And I would say dashboards is only one of the interfaces. There are many other interface where data’s being consumed. We recently made an investment in a company called MADEC. It is actually a dynamic PowerPoint slide generation company, but if you think about it, the secret power of that is actually instead of people copy pasting data from their dashboards from Salesforce all the time is the data team writes SQL queries directly to their data warehouses, [and] that’s automatically put into Google Slides or PowerPoints, and that’s a very smart way of utilizing data and automating a lot of mundane workflow. And again, that’s just data as a feature, and of course there are many full-blown data applications like Panther or Indicative that’s getting the next generation.
Splunk or Amplitude on top of data warehouses, and of course the retools of the world is really giving them power to the SQL proficient users to, again, like you said, Julia do the [00:19:00] applications for internal use cases.
Julia Schottenstein: Yeah. So just to underline that, you just described security and massive industry and two internal tools, which is usually all custom, now being built off of your data warehouse, that’s super powerful.
Sarah Catanzaro: And I think ultimately we’re talking about three different things though. And I worry sometimes that by focusing on what I’ll describe as like the first two, we somewhat underestimate or undervalue the third. When I say, maybe used the word "data apps" before, I was specifically talking about SaaS applications that are built on top of the data warehouse.
So we talk about those like new tools, new platforms, which may be either internal tools and platforms that, a vendor will sell, that our data warehouse needs. Then we have this set of data apps that I think you described ,Julia, that are really [00:20:00] enabling the data team, the analytics engineering team to build external products, to build products that the users [and] the customers are going to interface with.
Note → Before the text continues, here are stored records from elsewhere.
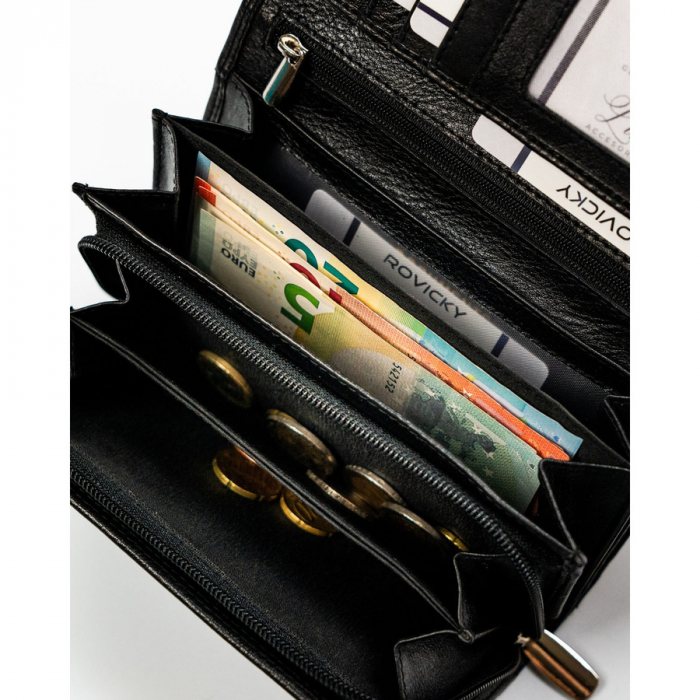 Portofel dama din piele naturala Rovicky R-D1520-NCD-BL BLACK [11]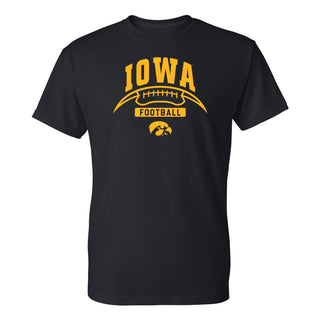 University of Iowa Hawkeyes Football Crescent Short Sleeve T Shirt - Black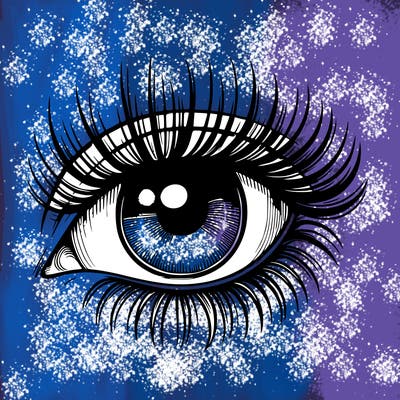 realistic eye with long lashes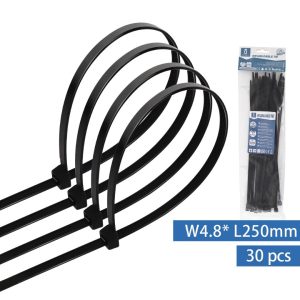 Nylon cable ties 4.8*250mm  packet of 30 pcs (black)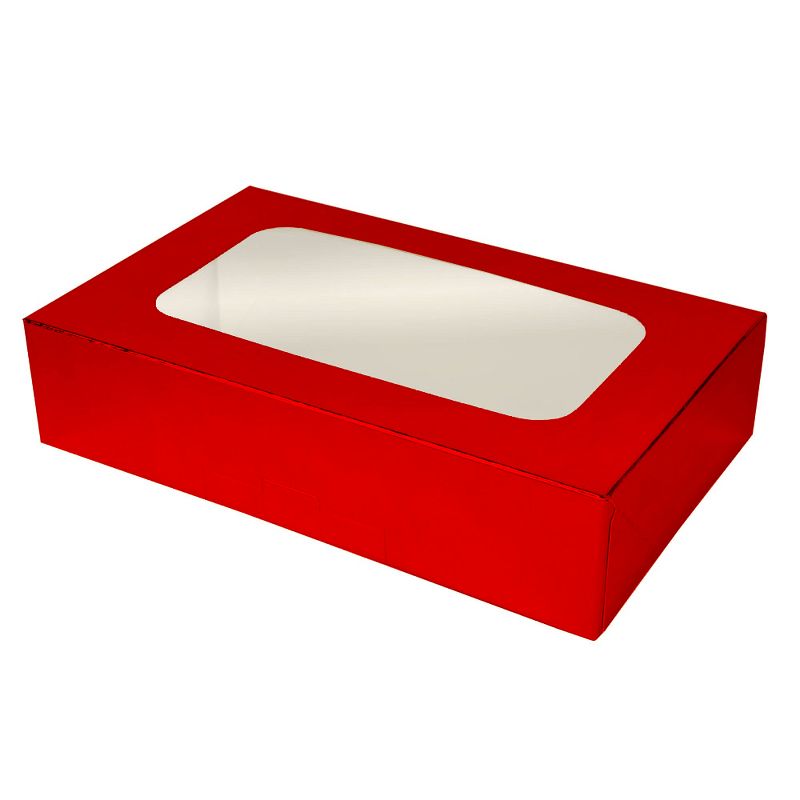 O'Creme Red Treat Box with Window, 8.5" x 5.5" x 2", Pack of 5, 2 of 4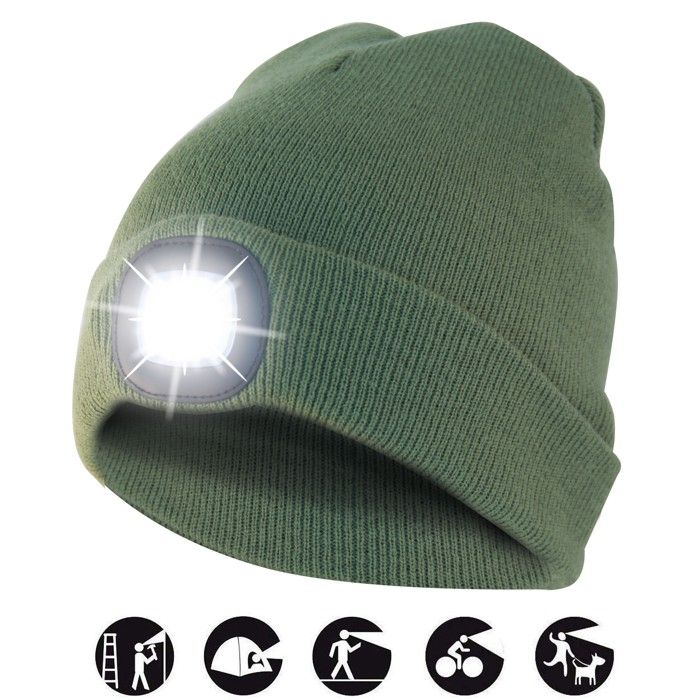 Lampe Electrique - Lampe De Poche - LIGHTHOUSE : Bonnet avec frontale LED rechargeable. Vert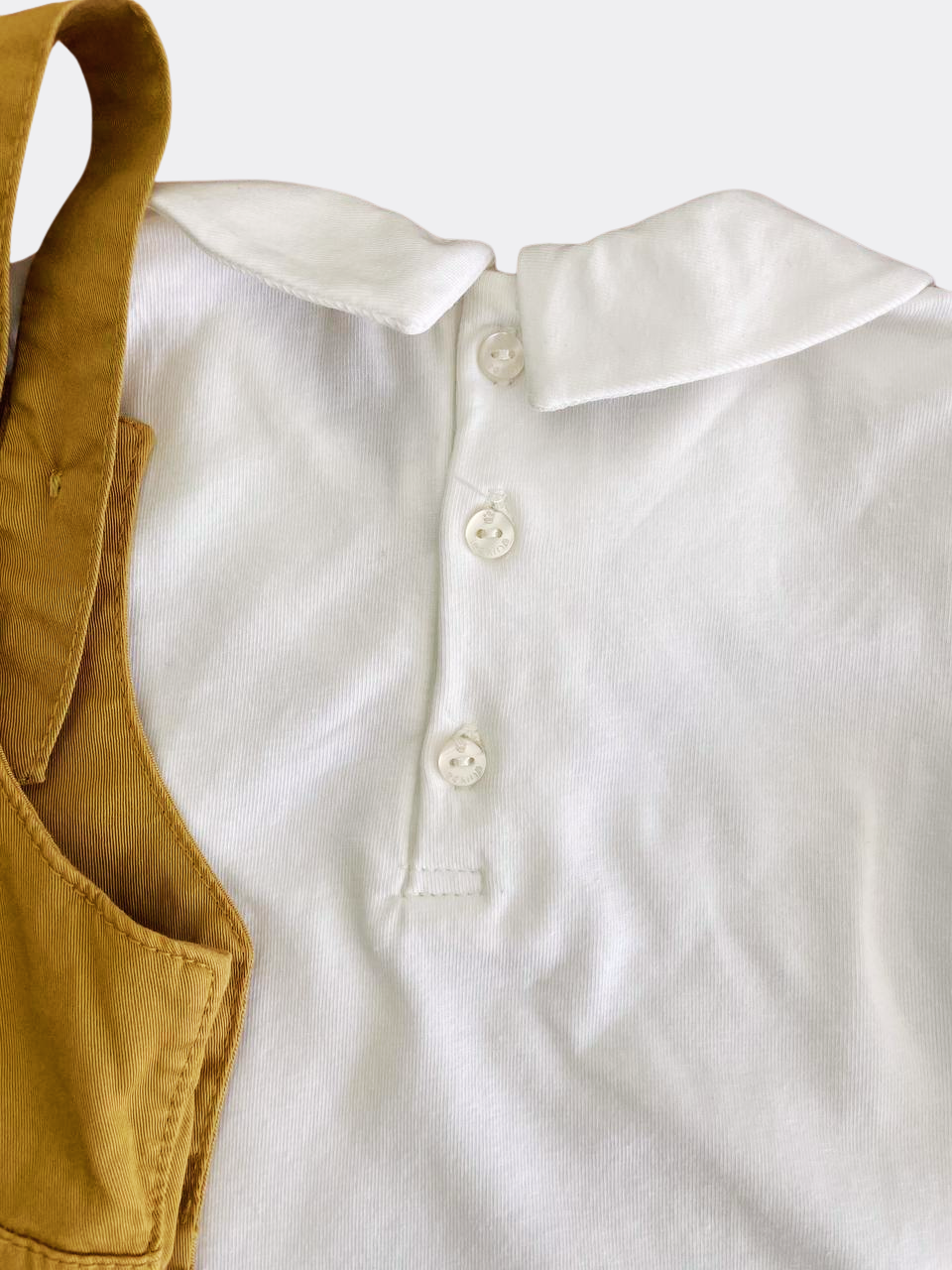 Mustard And White  Tennis Organic Cotton Salopette With Body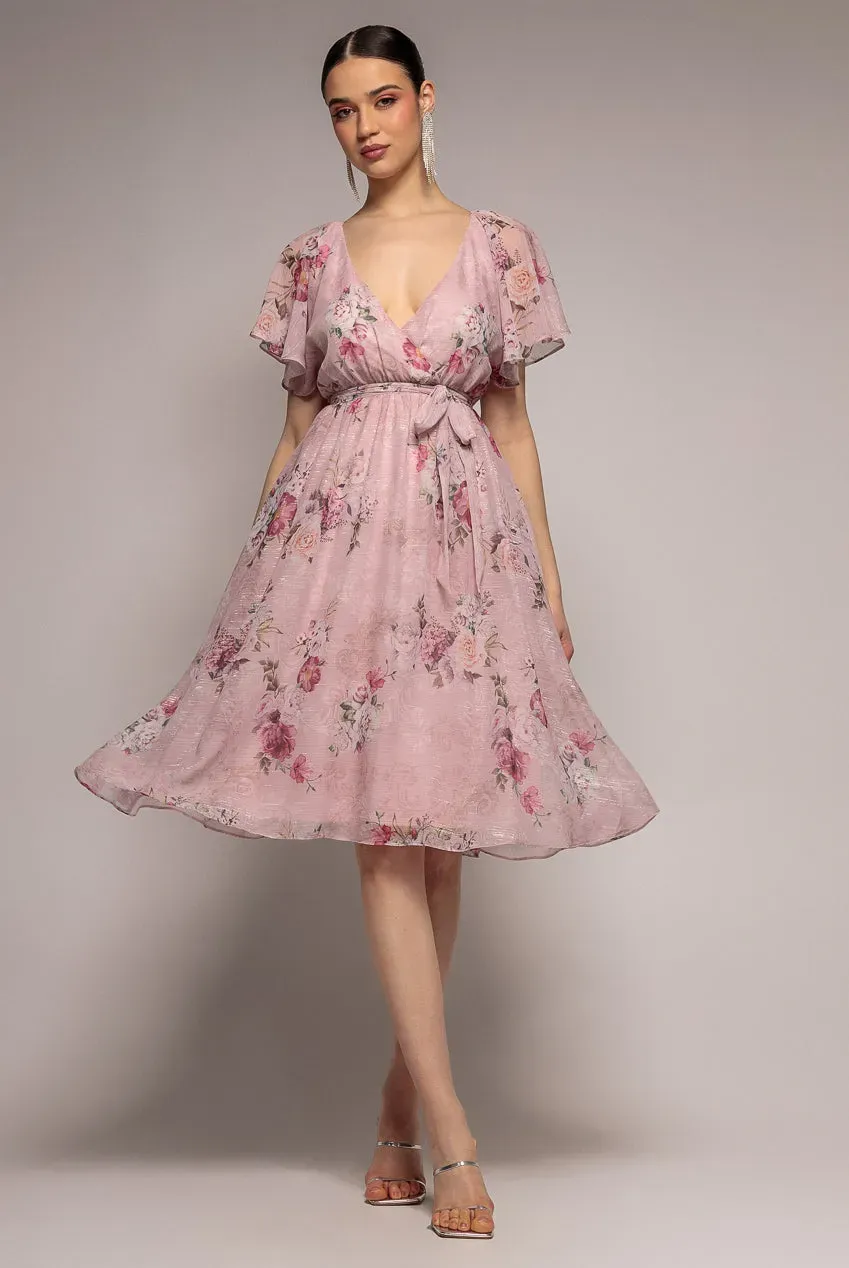Goddiva Lurex Abito Midi Svasato Rosa Cipria Chiffon
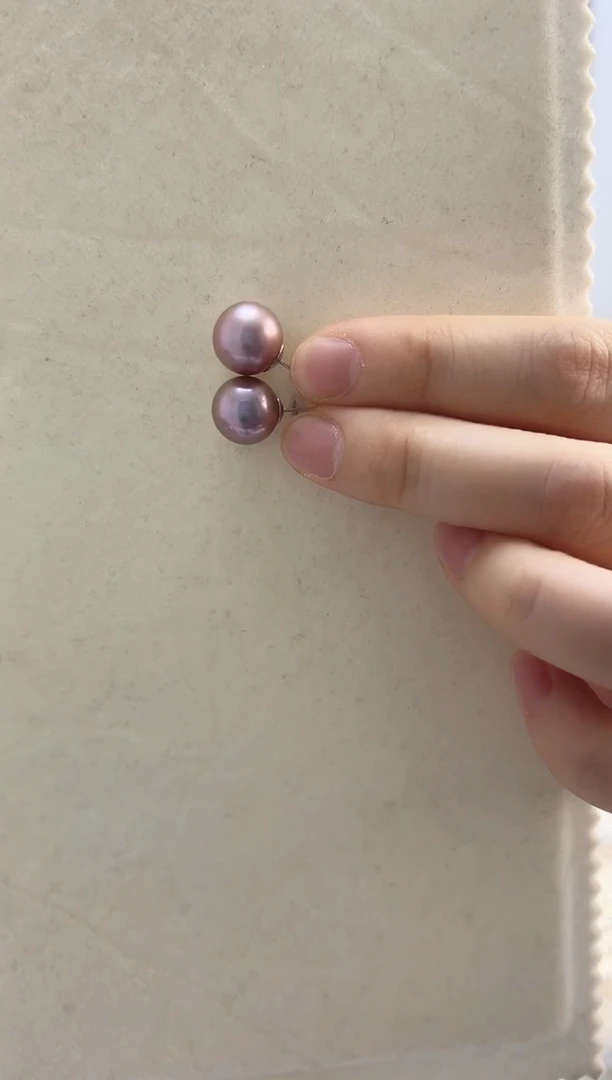 银S925镶嵌耳饰淡水珍珠11-12紫色耳钉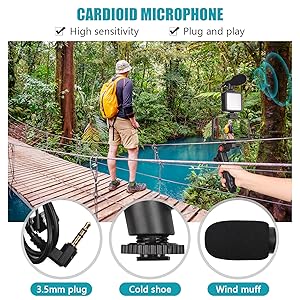 vlog kit with microphone and light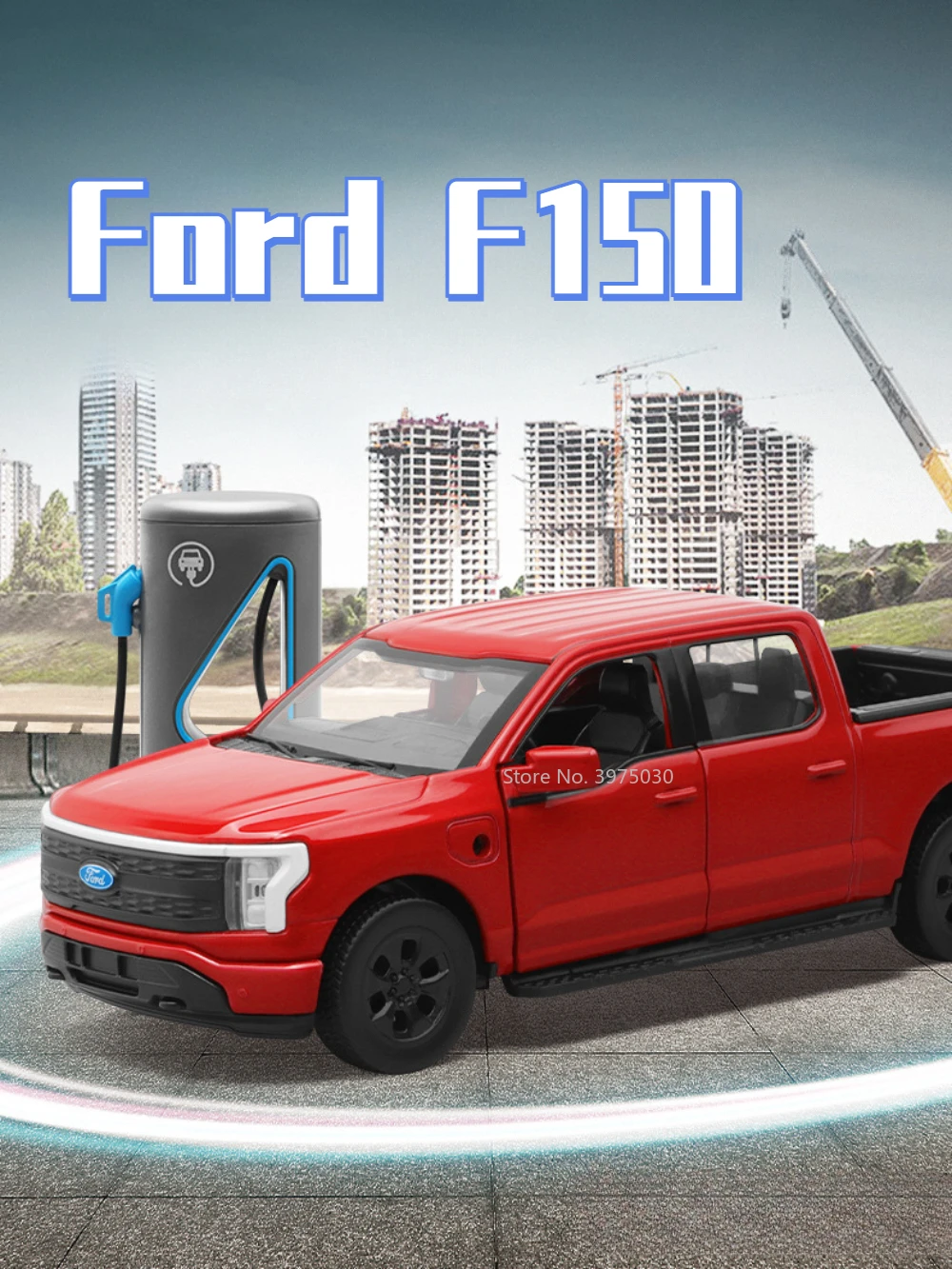 Ford F150 Diecast modelo de carro com som e luz, nova energia Pikcup, alta simulação, brinquedo de coleção puxada para meninos, 1:36, 2022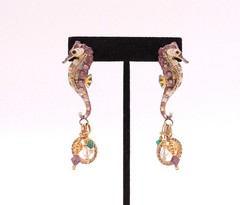 Lunch At The Ritz Seahorse Earrings Dangle Drop Pierced Vintage 90’s Jeweled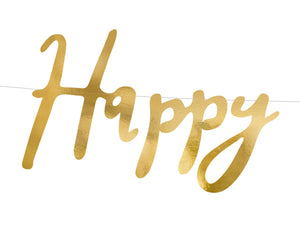 up close Gold Happy Birthday Letter Banner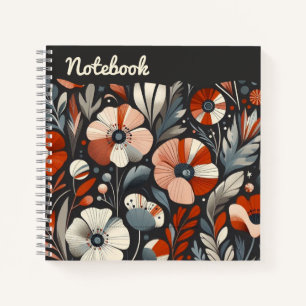  Wild Red Poppies on Ash – Moody Botanical Brush Notebook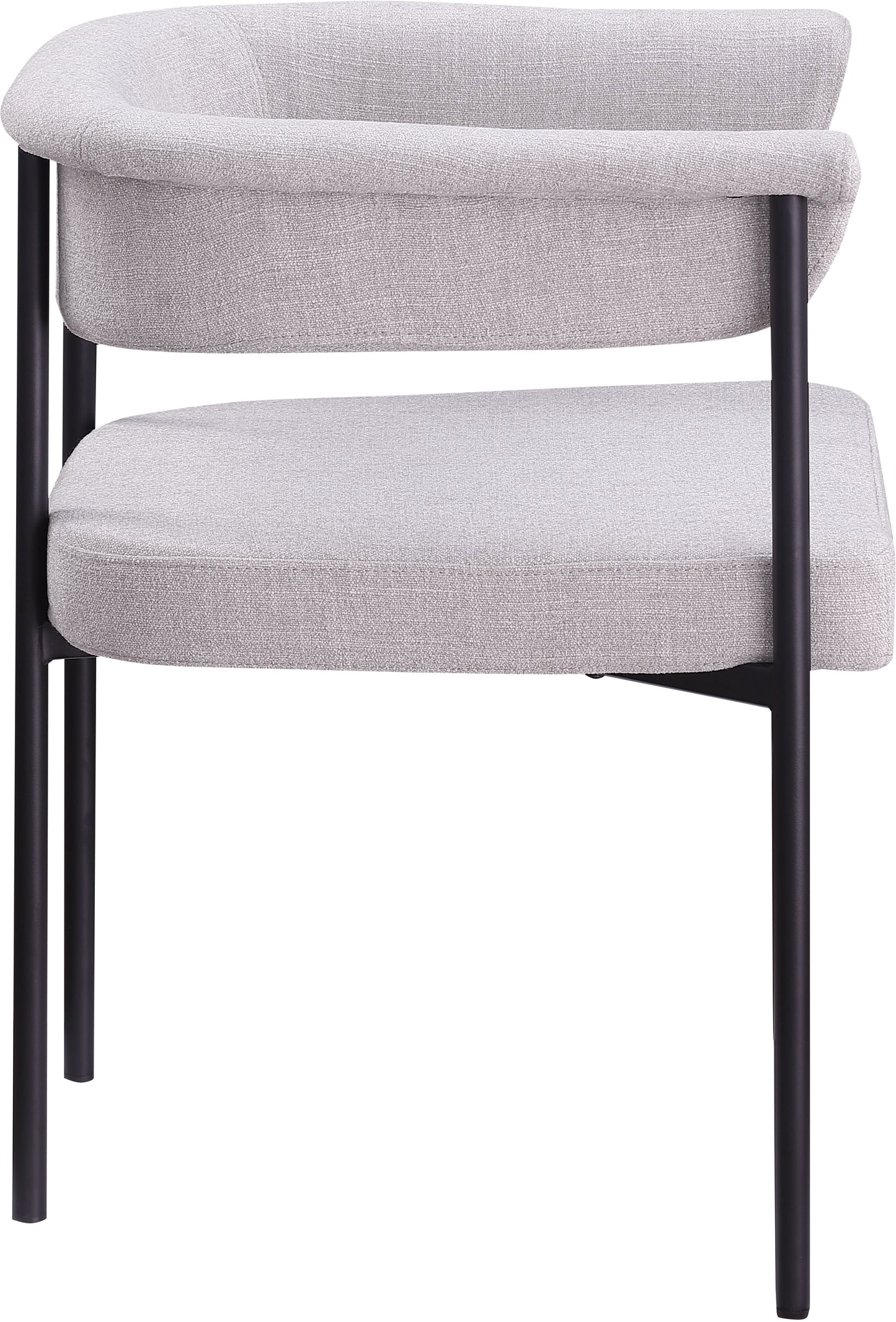 bellona grey linen textured fabric dining chair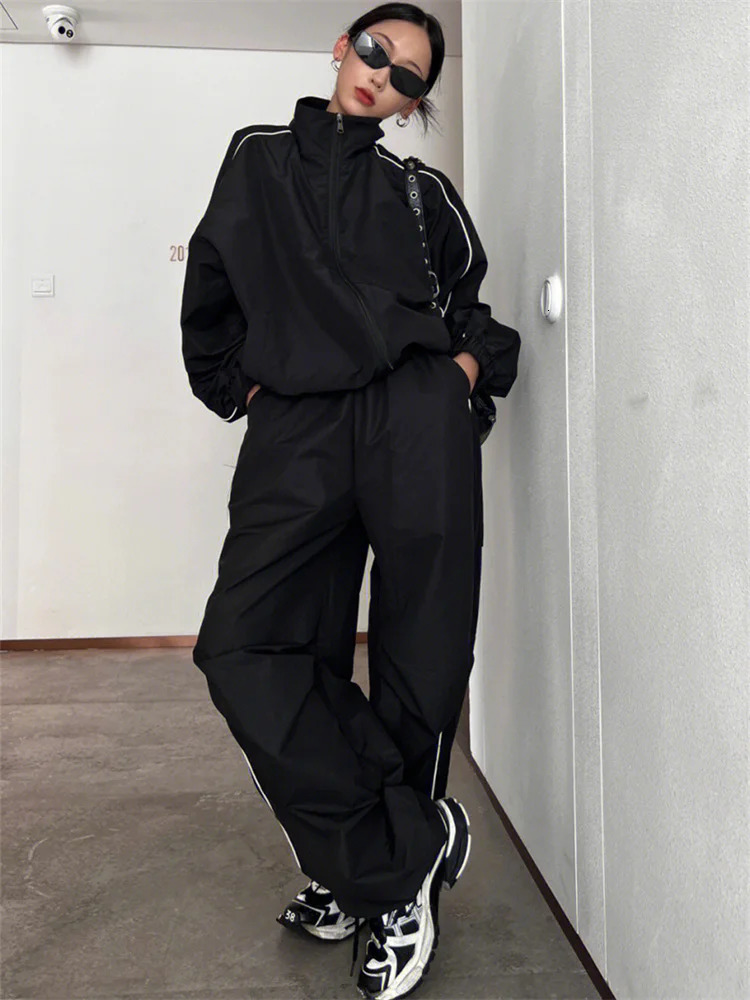 Vintage Black Pants Sets Women Y2K Streetwear Jacket Oversize Wide Leg Track Trousers Gorpcore Two Piece Set Tracksuit 240807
But ultimately I think there’s this third category that deserves some discussion. Sorry, the mail is here. Apparently it doesn’t deserve any discussions. Anyway, there is a third category that, had some discussion and that category, I would say, is really the way in which we enable others within a company to make decisions using data.
Going back to what I was saying earlier, it’s not enough to just give somebody a spreadsheet. It’s not enough to just put a lead score and Salesforce. I think the ability to create a more interactive experience, the [00:21:00] ability to transform that data into a product that other people on your team interface with is another form of data apps that we should be discussing too.
Astasia Myers: Totally. I love that you broke it down into three categories. This first category that you mentioned about SaaS applications no longer having their own database layer, and it’s really the cloud data warehouse [that] is the backend for these apps is super cool. And you can see this for like PLG, CRM tech, like Endgame and Pocus.
You could see it on the finance side with businesses like Puzzle Jennifer highlighted Panther. It’s really cool. Once again, we’re seeing this divergence between the visualization where the intelligence at that is shown to people and the lower infrastructure stack, and it just allows teams that have made that infrastructure investment to get the most leverage of a commitment that they’ve already [made].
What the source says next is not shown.